This year’s Lotterywest Film Festival feels a little different. For starters, it’s much longer than usual. Spanning five months and featuring 21 feature films from all around the world, this season is the longest yet. More pertinently though, you’ll note that, for the first time in many years, French comedy darling Daniel Auteil is no where to be found. It’s almost incomprehensible.
While the Festival still features a healthy dash of light-hearted comedy, this year’s programme is characterised by its more serious, and more topical entries. “This is a very discerning and intelligent audience, and they want something meaty that they can talk about afterwards,” explains the programme’s director, Sherry Hopkins.
“They want current affairs, and what’s going on around them,” she continues. “As much as they like the occasional little light comedies, and they will like Pain in the Ass, the new Francis Veber comedy, because Perth audiences love Francis Veber [of The Dinner Game] – but as much as they like that, they’re also showing me that they appreciate these more grand scale films too.”
This year, audiences can expect to be shocked by Buddha Collapsed out of Shame, as it exposes the permeating influence of the Taliban through a group of Afghani schoolchildren determined to mimic their parents. They can expect to be baffled by the ridiculous true story at the core of Lemon Tree, in which a Pakistani widow travels to the High Court to protect her lemon grove from Israel’s paranoid Defence Minister. They can expect to be shaken by the Oscar-nominated Katyn, Andrzej Wajda’s powerful drama about the infamous Soviet massacre. All of these films, and many others, are guaranteed to linger with audience members, and to fuel plenty of post-film discussion.
Furthermore, while the Festival Films have always served as portals across the globe, Hopkins argues that this year their reach is also far wider than ever before. “It’s much more of a global picture than usual; I think we’re transporting people more this year. We’ve got two Israeli films, for example, and one Iranian film, Lemon Tree, which is a fine film.”
Despite this evolution, though, the Festival season begins as always, with a couple of lighter films set in familiar, Western contexts. “My hardest job is finding the opening films,” Hopkins confesses, “We try to open with an English language film if we can. We want something to ease people into the program, sometimes perhaps a French comedy. One year we had nothing so I put in Affliction, which was great and won all those awards, but was just too heavy.”
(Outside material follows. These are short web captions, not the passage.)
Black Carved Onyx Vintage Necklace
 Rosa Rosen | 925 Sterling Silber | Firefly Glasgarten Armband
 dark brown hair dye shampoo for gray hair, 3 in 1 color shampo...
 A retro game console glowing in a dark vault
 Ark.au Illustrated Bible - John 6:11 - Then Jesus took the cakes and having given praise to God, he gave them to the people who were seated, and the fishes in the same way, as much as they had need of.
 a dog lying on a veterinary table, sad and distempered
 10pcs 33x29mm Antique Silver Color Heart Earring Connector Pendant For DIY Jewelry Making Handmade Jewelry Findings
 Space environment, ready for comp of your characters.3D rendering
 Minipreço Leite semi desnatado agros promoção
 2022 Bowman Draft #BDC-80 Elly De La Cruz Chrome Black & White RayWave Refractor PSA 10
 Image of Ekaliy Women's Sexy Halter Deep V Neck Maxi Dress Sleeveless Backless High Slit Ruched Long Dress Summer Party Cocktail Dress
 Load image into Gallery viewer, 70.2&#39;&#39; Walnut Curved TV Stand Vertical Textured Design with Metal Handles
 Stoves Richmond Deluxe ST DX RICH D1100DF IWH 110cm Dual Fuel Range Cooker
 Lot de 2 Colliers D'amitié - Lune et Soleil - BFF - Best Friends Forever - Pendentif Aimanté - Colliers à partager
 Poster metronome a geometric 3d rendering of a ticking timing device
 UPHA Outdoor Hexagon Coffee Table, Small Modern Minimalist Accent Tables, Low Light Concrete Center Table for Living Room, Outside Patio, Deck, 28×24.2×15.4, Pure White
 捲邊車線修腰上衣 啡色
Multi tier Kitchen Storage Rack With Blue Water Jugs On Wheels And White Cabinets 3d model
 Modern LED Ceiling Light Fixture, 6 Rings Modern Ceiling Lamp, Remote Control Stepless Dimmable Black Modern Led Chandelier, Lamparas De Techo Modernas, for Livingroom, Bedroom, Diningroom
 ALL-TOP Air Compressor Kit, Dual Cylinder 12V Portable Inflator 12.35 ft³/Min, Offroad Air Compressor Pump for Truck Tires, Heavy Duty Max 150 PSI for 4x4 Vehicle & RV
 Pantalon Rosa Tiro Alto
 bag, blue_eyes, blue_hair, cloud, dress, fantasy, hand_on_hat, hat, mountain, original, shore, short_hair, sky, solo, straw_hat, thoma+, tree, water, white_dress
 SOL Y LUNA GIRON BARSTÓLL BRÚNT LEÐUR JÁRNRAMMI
Last week, Sommerville lit up with Young@Heart, a heart-warming piece that sees pensioners reinvigorated by a turn towards punk, disco and rock music. Meanwhile at Joondalup Pines, the British comedy, Grow Your Own, which charts the relationship between a group of “grumpy old men” and the family of asylum seekers that take over a nearby garden patch, has apparently received rave reviews from Joondalup’s large English community. The two films swap locations for the coming week.
For those still uncertain, Hopkins has a couple of recommendations. “I’ve Loved You So Long is the best film in the Festival. Also, apart from the storyline, I think that the style of animation for Waltz with Bashir is amazing, that’s why it’s winning all these awards. You the Living also, is bizarre yet terrific. Every scene is like a picture postcard, and there’s this one scene where a couple get married on a house on train which is just mesmerising.”
In amongst these global stories, Hopkins also disperses a series of West Australian shorts. “I just don’t want to throw in any short with any feature,” she warns, “they’ve got to work together; usually it’s in terms of fitting the subject matter together.” Hopkins also hopes to one day premier a W.A. feature film, but in the meantime one aspect of the festival remains unchanged; its commitment to delivering fascinating stories from all across the globe to the most isolated city within it.